Upon launching, we were looking for new suppliers to sell their energy via our site.
A foodstore in Amsterdam seemed like a good partner for us, since their target audience matched ours. I
set out to find a farmer that supplied groceries to them, and could potentially supply electricity via us. I took the list from their website and googled all their farmers. Most of the time, it was very difficult to find the addresses, but going through various sites, such as the Chamber of Commerce, I found the location for each of them. Then, in Google Streetview, I virtually walked around the neighbourhood to see if one of them had a roof full of solar panels or a windmill on their land.
This way, I visited some fifty suppliers of food. All of them had big farms, one of them had a windmill too.

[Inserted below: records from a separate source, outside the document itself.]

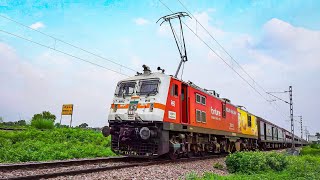 [4 In 1] FORTUNE LIVERY BRC WAP-7 WITH HIGH RISE PANTOGRAPH HAULING INDORE-DELHI WEEKLY SPECIAL IR.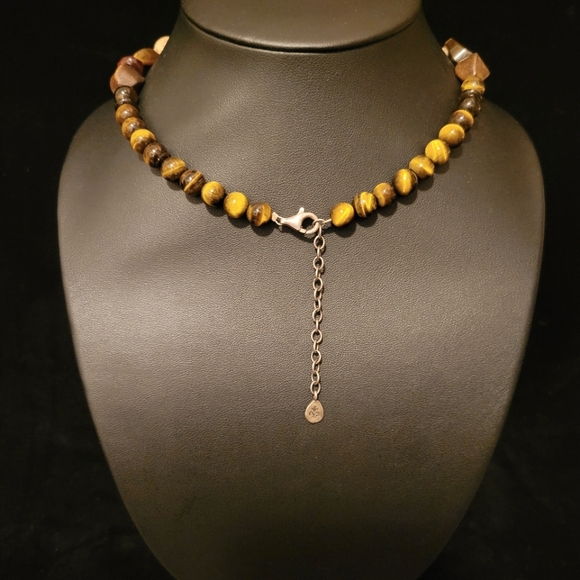 Estate Studio Barse Tigers Eye & Multi Stone Necklace - Picture 4 of 6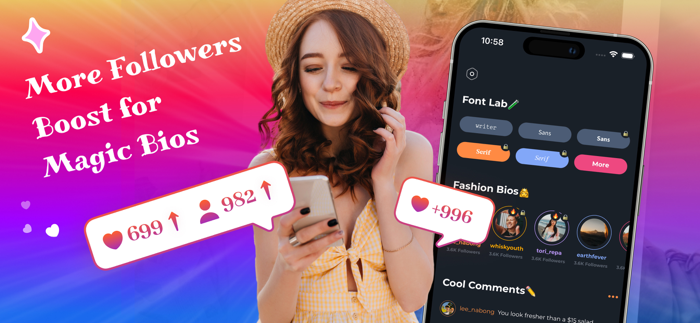 More Followers Top Likes Bios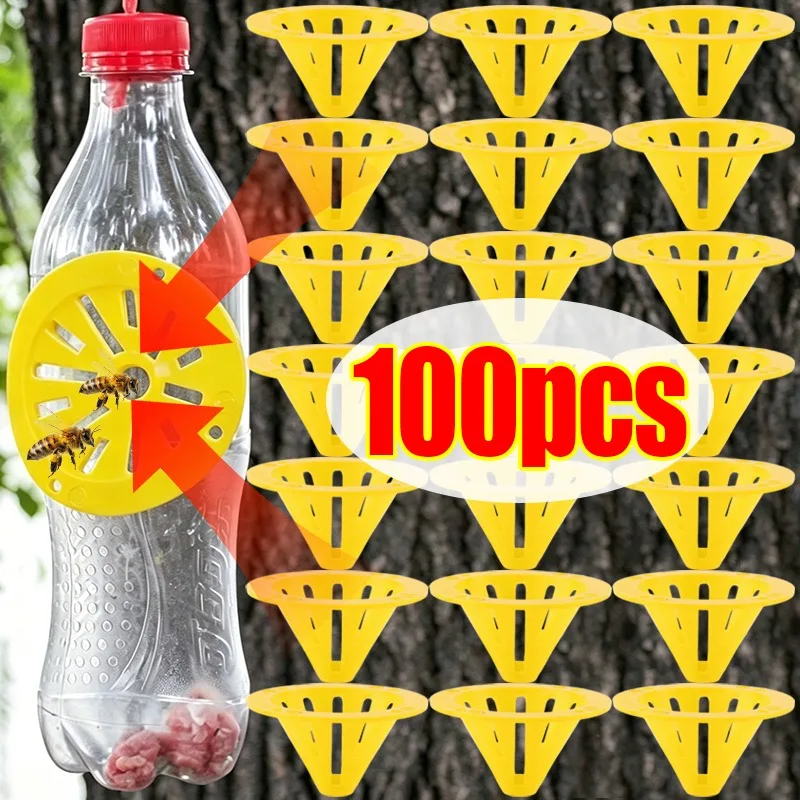 Cone Shape Reusable Wasp Trap Insect Funnel Killers Bee Hornet Catcher Escape Prevention Device Pest Control Beekeeping Tools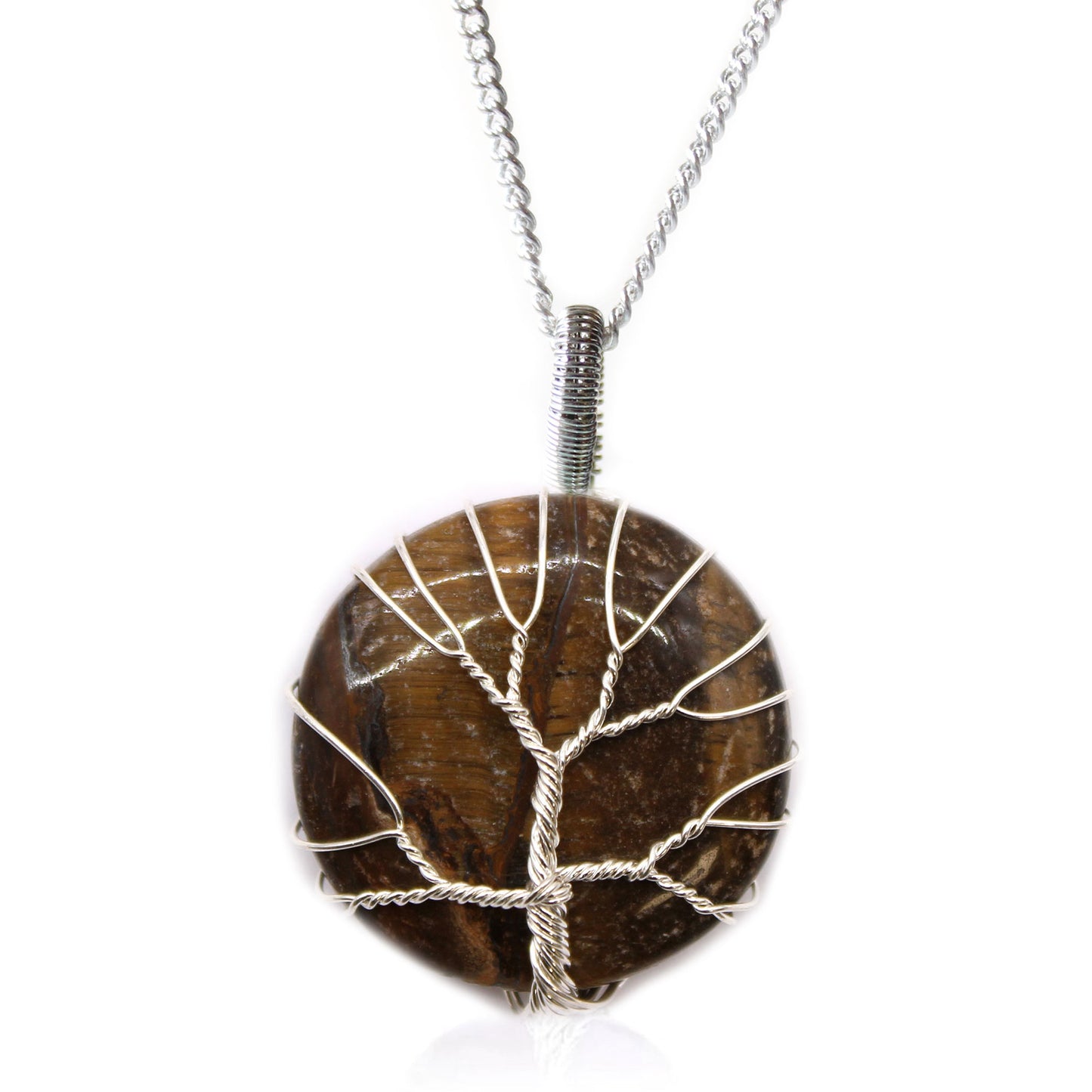 Indische Edelsteinkette - Lebensbaum -5 Designs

Via the Yellow Pages I found their phonenumber and gave them a call. Last month, I finally got to visit them, and now they’ve been added to our website, and they’re selling energy straight to consumers.
Changing the world via Google Streetview
To me, this case is exemplary for working at a startup. Every day forces me to inventive. Nobody before, in the whole world, had to write about an online peer2peer energy marketplace and all its assets. There are no standardisations here: strategies and plannings are volatile and my job description is only a hint of what I actually do.
Copywriter aside, I’ve been a graphic designer, social media manager, journalist, photographer, relationship manager and accountant. I’ve folded invitations, lifted crates and decorated the pressroom. The whole team worked outside of their responsibilities in favour of the overal result. We’re not some huge corporate company where for every task, there is an employee.
The thing is, I don’t per se like folding invitations, yet it becomes very rewarding in the context of a startup, especially one where you’re working for a greater good.